Scientists on the New Horizons team have found that the “close approach hemisphere” on Pluto has the greatest variety of terrain types seen on the planet so far.
By | Published: June 30, 2015 | Last updated on May 18, 2023

These images, taken by New Horizons' Long Range Reconnaissance Imager (LORRI), show numerous large-scale features on Pluto's surface.
These images, taken by New Horizons’ Long Range Reconnaissance Imager (LORRI), show numerous large-scale features on Pluto’s surface. When various large, dark, and bright regions appear near limbs, they give Pluto a distinct, but false, non-spherical appearance. Pluto is known to be almost perfectly spherical from previous data. These images are displayed at four times the native LORRI image size and have been processed using a method called deconvolution, which sharpens the original images to enhance features on Pluto.
NASA/Johns Hopkins University Applied Physics Laboratory/Southwest Research Institute
NASA’s New Horizons spacecraft doesn’t pass Pluto until July 14, but the mission team is making new discoveries as the piano-sized probe bears down on the Pluto system.

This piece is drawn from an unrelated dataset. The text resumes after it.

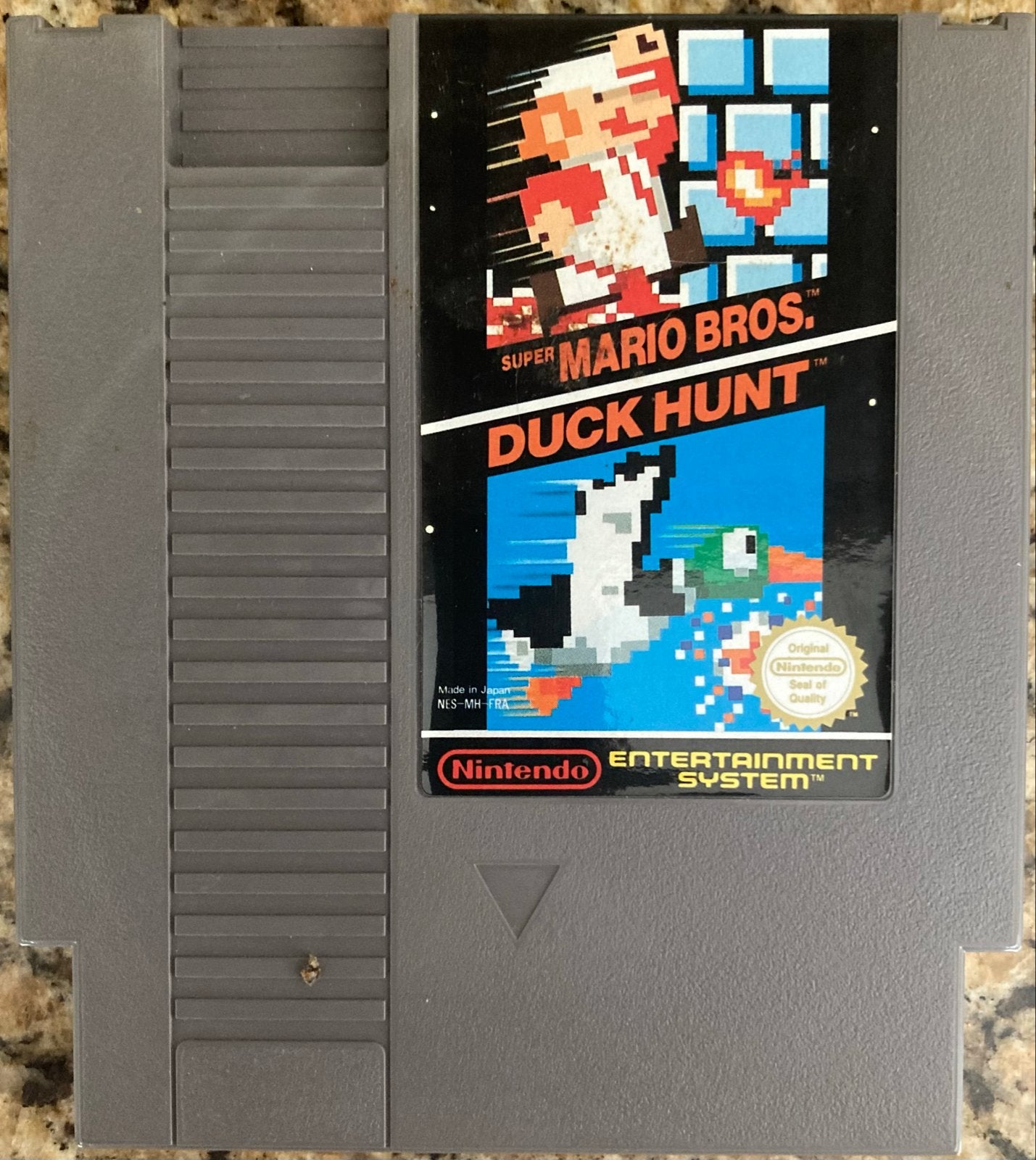NES Spellen: Duck Hunt & The New Zealand Story, Ophalen, Gebruikt, Shooter, 1 speler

In a long series of images obtained by New Horizons’ telescopic Long Range Reconnaissance Imager (LORRI) May 29–June 19, Pluto and its largest moon, Charon, appear to more than double in size. From this rapidly improving imagery, scientists on the New Horizons team have found that the “close approach hemisphere” on Pluto that New Horizons will fly over has the greatest variety of terrain types seen on the planet so far. They also have discovered that Charon has a “dark pole” — a mysterious dark region that forms a kind of anti-polar cap.

pluto_sidebar_final
“This system is just amazing,” said Alan Stern from the Southwest Research Institute in Boulder, Colorado. “The science team is just ecstatic with what we see on Pluto’s close approach hemisphere. Every terrain type we see on the planet, including both the brightest and darkest surface areas, are represented there; it’s a wonderland!

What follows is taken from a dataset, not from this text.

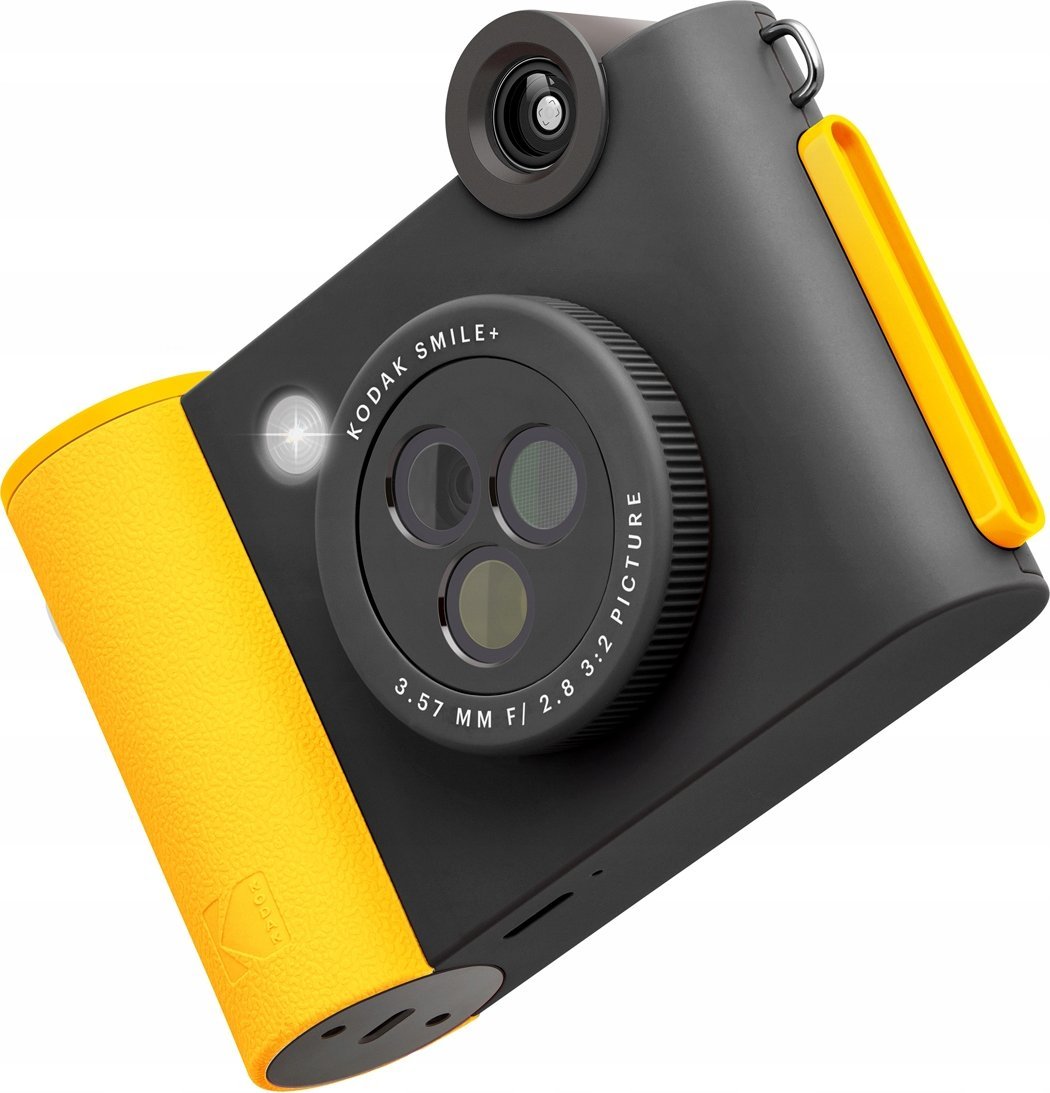 Инстант камера Kodak Smile+, 2x3\", безжична, бела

“And about Charon — wow — I don’t think anyone expected Charon to reveal a mystery like dark terrains at its pole,” Stern said. “Who ordered that?”

New Horizons scientists use a technique called deconvolution to sharpen the raw unprocessed pictures that the spacecraft beams back to Earth; the contrast in these latest images has also been stretched to bring out additional details. Deconvolution can occasionally produce artifacts, so the team will be carefully reviewing newer images taken from closer range to determine whether some of the tantalizing details seen in these images persist. Pluto’s non-spherical appearance in these images is not real; it results from a combination of the image-processing technique and Pluto’s large variations in surface brightness.

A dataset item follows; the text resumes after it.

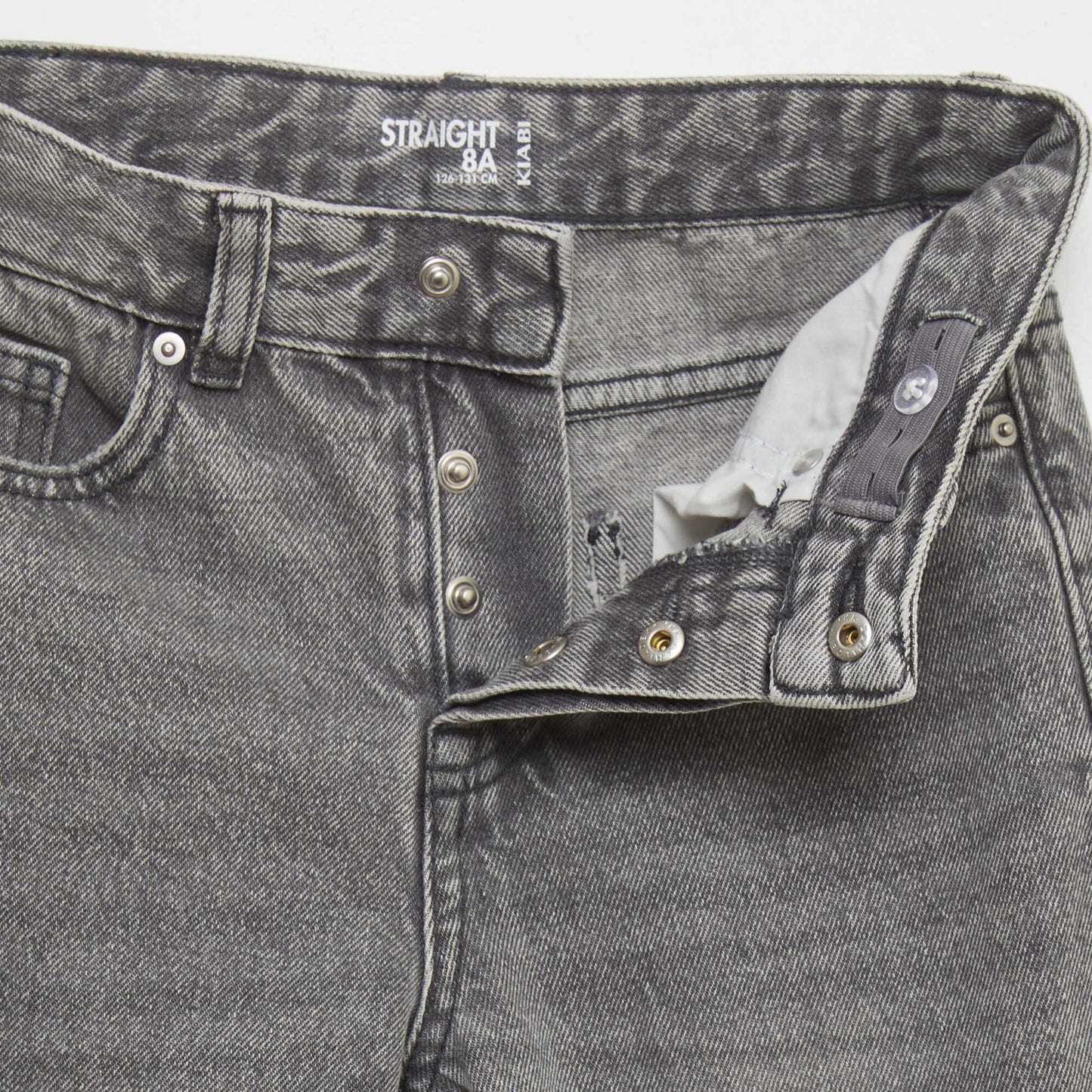 Straight-leg jeans GREY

“The unambiguous detection of bright and dark terrain units on both Pluto and Charon indicates a wide range of diverse landscapes across the pair,” said Jeff Moore of NASA Ames Research Center in Mountain View, California. “For example, the bright fringe we see on Pluto may represent frost deposited from an evaporating polar cap, which is now in summer sun.”

New Horizons is approximately 2.9 billion miles (4.7 billion kilometers) from Earth and just 16 million miles (25 million km) from Pluto. The spacecraft and payload are in good health and operating normally.